The approximately 100-foot tall cube of concrete and glass in the heart of Echo Park is hard to miss – no matter how hard many might try. What many residents now refer to as the Citibank Building – and before that the Cal Fed Building – is the tallest structure in Echo Park, with its nearly 100,000-square feet of space, eight floors of offices, two floors of parking and a rooftop heliport dwarfing the surrounding Sunset Boulevard storefronts. Earlier this week, Echo Park residents who spoke at a public hearing against a proposed, five-story residential development mentioned that it would still not be as tall as the Citibank Building. For many residents, an office tower like this might be at home in downtown or on Wilshire Boulevard but is out of scale and out of place in Echo Park, where current zoning prohibits the construction of anything as big or as tall.
So, what where people thinking when they decided to build a mid-rise office building in Echo Park 45 years ago? They were thinking big, of course.
The tower was conceived in the early 1960s as the former California Federal Savings & Loan capitalized on the post-war building boom, erecting multistoried office buildings in Hollywood and Miracle Mile as well as Echo Park and Eagle Rock. In a 1961 Los Angeles Times article, Cal Fed was described as a “leader in the current S&L trend toward high-rise office buildings” and was said to generate fatter profits as a developer than as a mortgage lender. These 1960s modernist structures – each topped with a giant California Federal sign (the shadow of which can still be found on the Echo Park tower – were also designed to impress and attract customers. “People have more confidence in affluent-looking institutions,” the story said.
Cal Fed acquired land owned by Echo Park’s Angelus Temple and hired Long Beach architects Francis J. Heusel and Frank Homolka to design the tower. The architects dressed up what was basically a 100-foot wide cube set atop a parking garage with panels of white concrete pierced by slits that frame windows. The chunk of 1960s Modernist architecture would change the skyline of Echo Park and, many hoped, change Echo Park itself. Rolf McPherson, son of Angeles Temple founder Aimee Semple McPherson and President of the International Church of the Foursquare Gospel, told the Times in a 1963 story:
“California Federal’s decision to build Echo Park’s first major office building in many years ….confirms the belief that our area is ready to embark on a new era of business and residential expansion.”
The structure’s original name was the Sunset Glendale Building but it was also known as the Park Sunset.
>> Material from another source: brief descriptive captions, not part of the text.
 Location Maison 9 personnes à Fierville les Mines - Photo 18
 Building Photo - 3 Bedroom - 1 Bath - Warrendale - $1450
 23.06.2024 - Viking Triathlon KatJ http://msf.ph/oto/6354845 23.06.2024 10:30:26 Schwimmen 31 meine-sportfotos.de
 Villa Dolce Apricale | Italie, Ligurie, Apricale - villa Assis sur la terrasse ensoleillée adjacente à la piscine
Most neighbors, however, called it the Cal Fed Building, which officially opened during a week-long celebration in April 1966. An advertisement promoting grand opening said:
“Savers looking for the finest savings service, businessmen looking for luxurious, near-downtown office space, can stop looking now. As savings center or office building, the new California Federal Building has no equal in the Echo Park area.”
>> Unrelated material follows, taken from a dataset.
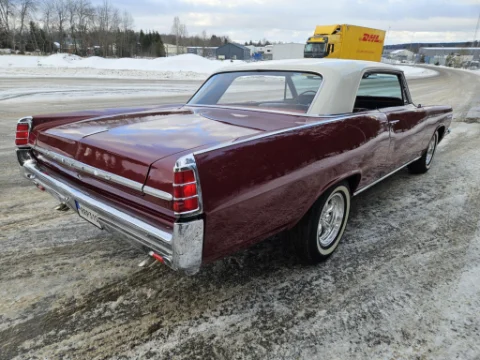 Pontiac 1963 PONTIAC CATALINA 2 DR HT 389 V8 Automat 2560:-/mån till salu i Strängnäs – bild 4 av 8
But the opening of the Cal Fed Building failed to trigger “a new era of business and residential expansion” that McPherson had envisioned for Echo Park. While Cal Fed’s occupants patronized neighborhood restaurants and shops, no other major developers followed Cal Fed into Echo Park, and the neighborhood’s Sunset Boulevard commercial strip struggled to compete with new malls. In 1977, the International Church of the Foursquare Gospel, bought the property back for $2.8 million.
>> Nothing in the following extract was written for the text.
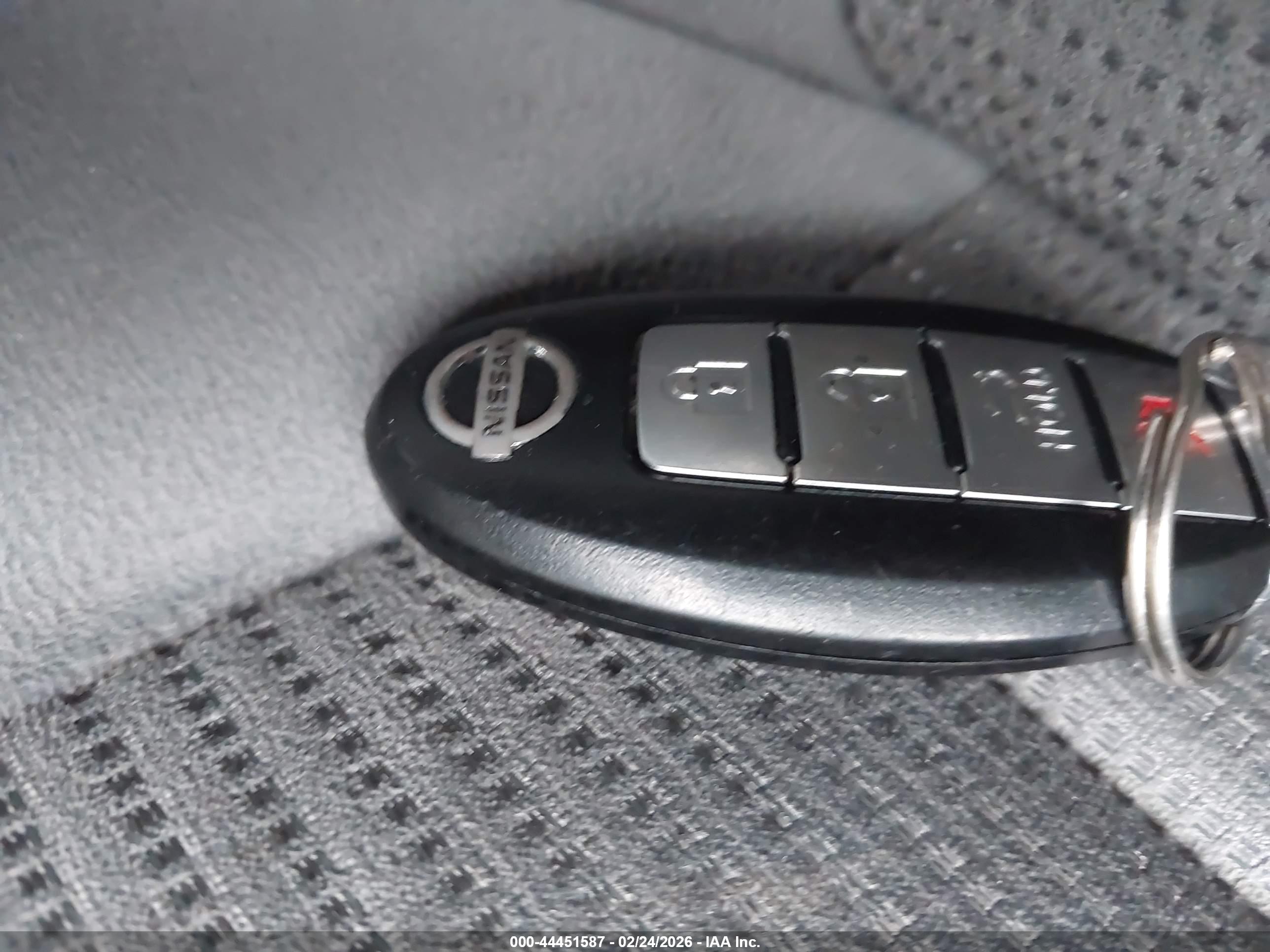 NISSAN SENTRA image 11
Today, the tower that now houses a Citibank branch and offices of Congressman Xavier Becerra is still imposing but a bit worn. The building – like many in Echo Park – bears the scars of frequent tagging. Visitors enter the Sunset Boulevard lobby under a pair of twirling black ceiling fans and a security camera encrusted with plastic anti-bird spikes, which kind of ruins any sense of cool, 1960s Modernism.
The structure’s current official name, by the way, is The Rolf K. McPherson Building. It would be difficult today for anything to top the approximately McPherson Building. City zoning laws currently limit most structures in the flats of Echo Park to 45 feet, with the exception of a nearby block where buildings can rise as tall as 70 feet. That still falls short of the approximately 100-foot-high McPherson Building but who knows when another developer will come along with even bigger ambitions.